▶ **INSTRUCTIONS TO FOLLOW**: Your job is to give again, exactly and with no additions, the lines in the records below from the one with "Ukrayna, Kyiv - 29" through the one with "高清大图下载【趣麦麦图】山林间流淌的溪流自然风光", both included. Omit the pictures.

▶ **INFORMATION SUPPLIED**:

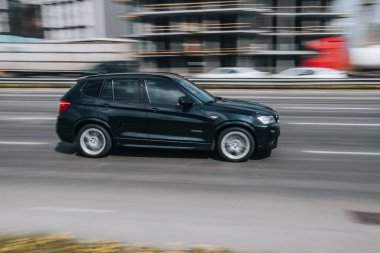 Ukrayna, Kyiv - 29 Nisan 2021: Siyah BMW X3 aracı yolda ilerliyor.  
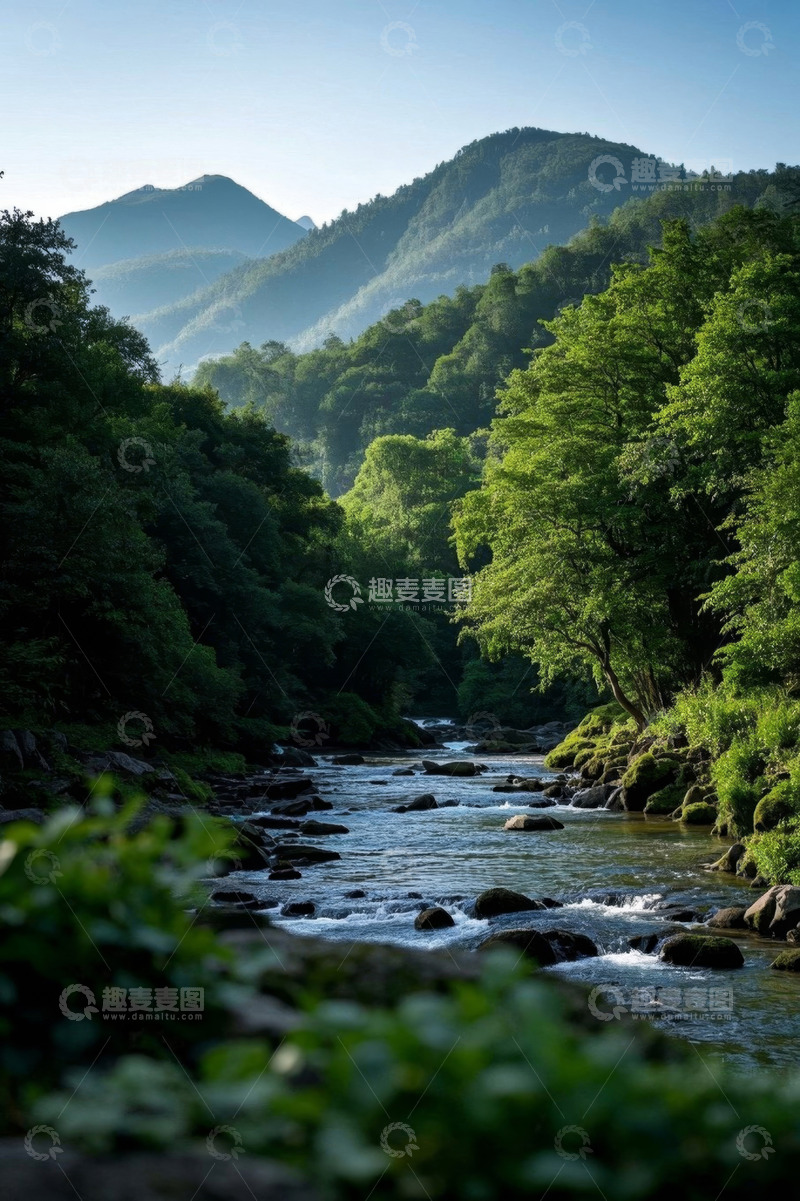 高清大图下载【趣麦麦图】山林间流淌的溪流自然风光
* * *
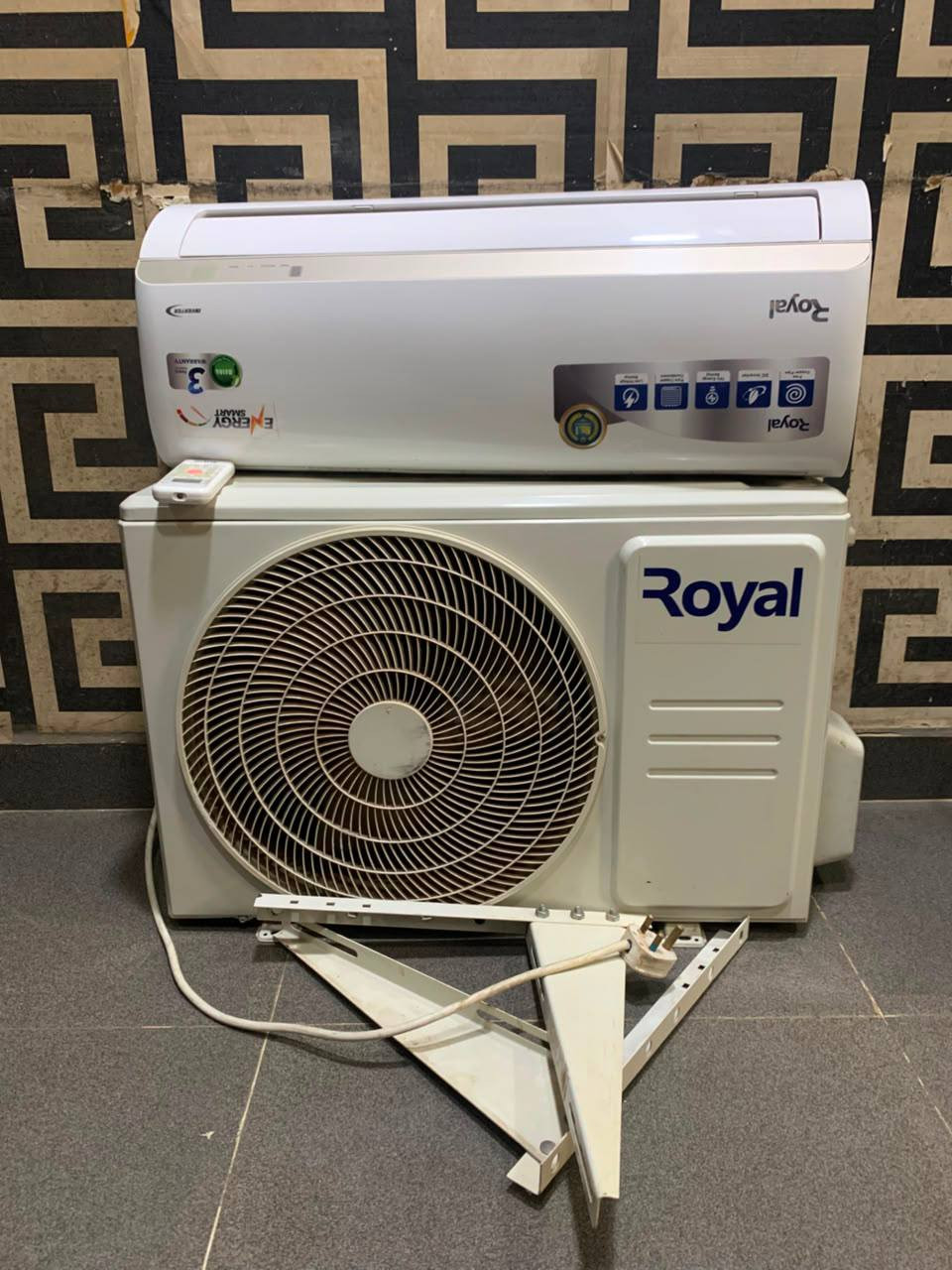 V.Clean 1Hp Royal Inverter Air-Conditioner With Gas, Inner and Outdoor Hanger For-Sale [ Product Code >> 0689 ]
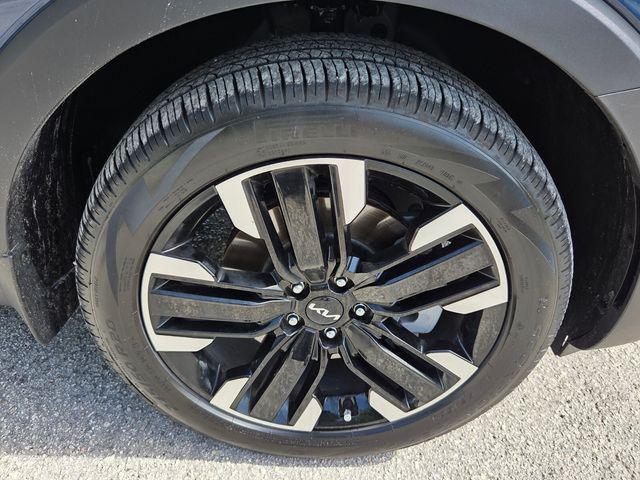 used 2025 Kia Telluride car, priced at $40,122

▶ **ANSWER SPACE**:
 Ukrayna, Kyiv - 29 Nisan 2021: Siyah BMW X3 aracı yolda ilerliyor.  
 高清大图下载【趣麦麦图】山林间流淌的溪流自然风光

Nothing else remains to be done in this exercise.